The NIC should be part of the OS

Maybe one of my favorite OS papers of this year. It was presented by Pengcheng Xu from ETH Zurich’s system group, and builds on their Enzian research computer. They explain how they can go from a packet on the NIC to the handler in user-space in 3 instructions. The trick is to issue a blocking read on the NIC, which the NIC will unblock with the packet data once the packet arrives. No need to burn watts on polling while getting the best possible latency. Of course, doing so requires a cache coherent interconnect between the NIC and the CPU, which they have on their Enzian machine (and that maybe we will have too with CXL one day). That also means that the NIC needs to be aware of part of the kernel state, such as what processes are scheduled on which cores. Overall, that is a super cool NIC/OS co-design.

Rethinking RPC Communication for Microservices-based Applications

A great talk about co-design between transport protocols and network functions. When the end-to-end path is controlled by the same entity there is an opportunity in deviating from standard protocols to expose the information needed by network functions directly. For instance, rather than un-marshaling multiple layers of protocols, the network functions could directly access the required field.

Analyzing Metastable Failures

A super interesting talk by the AWS crew. They explain how to model and visualize systems to find the stable states. They have pretty cool systems visualization as vector fields where we can clearly see the attractors, some of which map to stable under-performing states which are the cause of metastable failures. Some super cool research from AWS!

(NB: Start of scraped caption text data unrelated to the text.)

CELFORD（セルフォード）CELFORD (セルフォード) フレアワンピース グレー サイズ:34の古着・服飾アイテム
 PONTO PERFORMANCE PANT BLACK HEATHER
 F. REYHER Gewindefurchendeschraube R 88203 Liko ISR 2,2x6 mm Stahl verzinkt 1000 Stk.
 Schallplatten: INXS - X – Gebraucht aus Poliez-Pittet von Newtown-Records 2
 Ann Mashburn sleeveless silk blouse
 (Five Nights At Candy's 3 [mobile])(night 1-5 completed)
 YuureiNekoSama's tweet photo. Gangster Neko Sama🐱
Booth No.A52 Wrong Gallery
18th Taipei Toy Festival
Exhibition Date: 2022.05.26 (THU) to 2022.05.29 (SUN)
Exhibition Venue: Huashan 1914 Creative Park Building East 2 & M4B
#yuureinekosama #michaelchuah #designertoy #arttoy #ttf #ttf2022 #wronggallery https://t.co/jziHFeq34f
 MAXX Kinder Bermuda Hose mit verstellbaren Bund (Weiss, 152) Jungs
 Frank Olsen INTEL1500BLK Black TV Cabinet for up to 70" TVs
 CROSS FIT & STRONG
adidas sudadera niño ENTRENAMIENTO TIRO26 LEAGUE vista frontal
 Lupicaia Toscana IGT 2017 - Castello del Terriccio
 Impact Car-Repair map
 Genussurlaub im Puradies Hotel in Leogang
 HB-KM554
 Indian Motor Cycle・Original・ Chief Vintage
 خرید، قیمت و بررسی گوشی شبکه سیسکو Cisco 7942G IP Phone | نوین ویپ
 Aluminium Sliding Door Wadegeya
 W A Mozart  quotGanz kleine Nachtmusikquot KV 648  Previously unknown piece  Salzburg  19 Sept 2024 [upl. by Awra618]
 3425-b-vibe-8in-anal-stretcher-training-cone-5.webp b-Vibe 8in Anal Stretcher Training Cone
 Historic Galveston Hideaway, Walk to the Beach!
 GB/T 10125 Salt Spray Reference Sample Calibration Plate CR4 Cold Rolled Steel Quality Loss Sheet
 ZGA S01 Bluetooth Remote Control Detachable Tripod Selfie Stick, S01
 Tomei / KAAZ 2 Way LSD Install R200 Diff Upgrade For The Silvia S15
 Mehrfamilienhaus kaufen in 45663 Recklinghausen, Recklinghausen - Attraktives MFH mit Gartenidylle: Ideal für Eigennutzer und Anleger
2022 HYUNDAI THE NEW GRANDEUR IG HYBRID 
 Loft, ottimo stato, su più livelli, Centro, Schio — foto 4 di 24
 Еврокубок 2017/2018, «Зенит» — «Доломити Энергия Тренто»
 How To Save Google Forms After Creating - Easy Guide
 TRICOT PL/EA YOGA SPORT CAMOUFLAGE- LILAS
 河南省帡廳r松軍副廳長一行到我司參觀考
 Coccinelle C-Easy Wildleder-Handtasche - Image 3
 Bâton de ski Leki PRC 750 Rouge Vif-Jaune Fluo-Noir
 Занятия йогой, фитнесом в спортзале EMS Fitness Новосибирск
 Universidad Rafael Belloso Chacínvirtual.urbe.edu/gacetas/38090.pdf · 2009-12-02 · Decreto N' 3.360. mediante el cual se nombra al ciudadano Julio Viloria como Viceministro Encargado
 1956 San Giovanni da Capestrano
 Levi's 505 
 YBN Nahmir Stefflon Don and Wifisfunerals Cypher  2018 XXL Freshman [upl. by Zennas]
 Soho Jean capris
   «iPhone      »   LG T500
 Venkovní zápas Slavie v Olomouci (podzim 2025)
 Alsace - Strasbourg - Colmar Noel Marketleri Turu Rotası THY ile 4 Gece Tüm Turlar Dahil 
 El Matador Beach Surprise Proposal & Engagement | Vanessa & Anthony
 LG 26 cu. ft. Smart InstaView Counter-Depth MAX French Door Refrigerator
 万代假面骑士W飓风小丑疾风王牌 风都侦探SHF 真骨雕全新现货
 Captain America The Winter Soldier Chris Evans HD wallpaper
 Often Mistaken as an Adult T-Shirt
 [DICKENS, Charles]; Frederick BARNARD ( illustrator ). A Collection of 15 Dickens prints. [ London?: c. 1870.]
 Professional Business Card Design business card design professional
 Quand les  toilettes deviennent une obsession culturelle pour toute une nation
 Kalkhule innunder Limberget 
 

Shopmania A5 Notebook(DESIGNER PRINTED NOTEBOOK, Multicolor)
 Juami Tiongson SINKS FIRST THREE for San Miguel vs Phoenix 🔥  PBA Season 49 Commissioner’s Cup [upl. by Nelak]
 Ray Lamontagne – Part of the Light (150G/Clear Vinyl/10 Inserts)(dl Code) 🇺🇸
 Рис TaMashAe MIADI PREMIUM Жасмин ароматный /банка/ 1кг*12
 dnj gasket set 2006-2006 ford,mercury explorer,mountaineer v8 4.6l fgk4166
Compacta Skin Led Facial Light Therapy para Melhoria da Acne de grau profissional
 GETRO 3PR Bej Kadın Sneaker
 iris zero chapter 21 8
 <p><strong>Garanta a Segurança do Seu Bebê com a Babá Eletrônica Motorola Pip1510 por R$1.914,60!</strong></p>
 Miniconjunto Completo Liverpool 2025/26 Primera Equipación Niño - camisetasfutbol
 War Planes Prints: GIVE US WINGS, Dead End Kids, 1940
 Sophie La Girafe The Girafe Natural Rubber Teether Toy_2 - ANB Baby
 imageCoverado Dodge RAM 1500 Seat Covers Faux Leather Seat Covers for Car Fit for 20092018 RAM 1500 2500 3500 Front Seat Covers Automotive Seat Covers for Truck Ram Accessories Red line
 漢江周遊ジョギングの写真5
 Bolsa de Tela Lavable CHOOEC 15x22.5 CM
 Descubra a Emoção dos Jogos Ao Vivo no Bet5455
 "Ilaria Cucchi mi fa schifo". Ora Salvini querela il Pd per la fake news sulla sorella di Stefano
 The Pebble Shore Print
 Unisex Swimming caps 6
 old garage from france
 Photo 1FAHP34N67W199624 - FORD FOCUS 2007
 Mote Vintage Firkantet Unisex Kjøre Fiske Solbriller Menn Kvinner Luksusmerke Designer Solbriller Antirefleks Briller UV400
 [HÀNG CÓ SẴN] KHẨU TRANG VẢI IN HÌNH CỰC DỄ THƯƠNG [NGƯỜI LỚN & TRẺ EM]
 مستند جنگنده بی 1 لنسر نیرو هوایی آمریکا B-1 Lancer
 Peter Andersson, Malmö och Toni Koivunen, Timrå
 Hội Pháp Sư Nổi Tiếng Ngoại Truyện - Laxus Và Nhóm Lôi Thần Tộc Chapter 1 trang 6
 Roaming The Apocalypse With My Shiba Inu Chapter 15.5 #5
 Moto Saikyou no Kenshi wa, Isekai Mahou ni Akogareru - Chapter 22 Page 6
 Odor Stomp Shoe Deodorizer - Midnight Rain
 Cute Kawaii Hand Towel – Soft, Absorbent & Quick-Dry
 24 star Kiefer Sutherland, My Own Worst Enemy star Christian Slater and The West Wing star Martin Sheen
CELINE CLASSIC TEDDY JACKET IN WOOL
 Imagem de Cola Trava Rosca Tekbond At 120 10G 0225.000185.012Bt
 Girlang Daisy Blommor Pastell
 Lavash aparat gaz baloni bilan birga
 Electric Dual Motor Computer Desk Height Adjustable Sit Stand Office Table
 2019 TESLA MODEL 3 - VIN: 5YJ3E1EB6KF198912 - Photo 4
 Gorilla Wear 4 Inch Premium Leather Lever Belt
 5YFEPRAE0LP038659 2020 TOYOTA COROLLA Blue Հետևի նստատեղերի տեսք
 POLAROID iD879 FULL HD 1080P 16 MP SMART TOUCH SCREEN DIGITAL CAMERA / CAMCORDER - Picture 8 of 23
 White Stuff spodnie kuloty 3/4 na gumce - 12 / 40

Designing a Datacenter-wide Distributed Shared Log

Another talk from Natacha’s group, presented by Micah Murray. They ask the question of how to scale a log to a whole data center. The bottleneck is sequencing, which requires synchronization, but in terms of compute sequencing is pretty lightweight. Their solution is to use programmable switches to manage the sequencing, rather than standard processors. Based on their prototype, they estimate that they can scale to 62 billion req/s with 100 switches while staying under 1ms latency. Pretty cool result and fun idea!

Roaming Around in Alberta

After those fun three days of the conference in Banff I stayed a bit around Calgary to roam around. Banff is the main attraction near Calgary, but another super interesting place is Drumheller. Drumheller is known for the Royal Tyrrell Museum and its fossils (of which there are plenty in Alberta), if you are into dinosaurs and natural history I can only recommend checking it out!

A T-Rex fossil from the Royal Tyrrell Museum

The area around Drumheller has a very cool Far West vibe, with canyons, small towns with saloons, and the hoodoos.

The hoodoos, in Drumheller, Alberta

And if you are a foodie, of the restaurants I tried in Calgary I would recommend checking out Ten Foot Henry.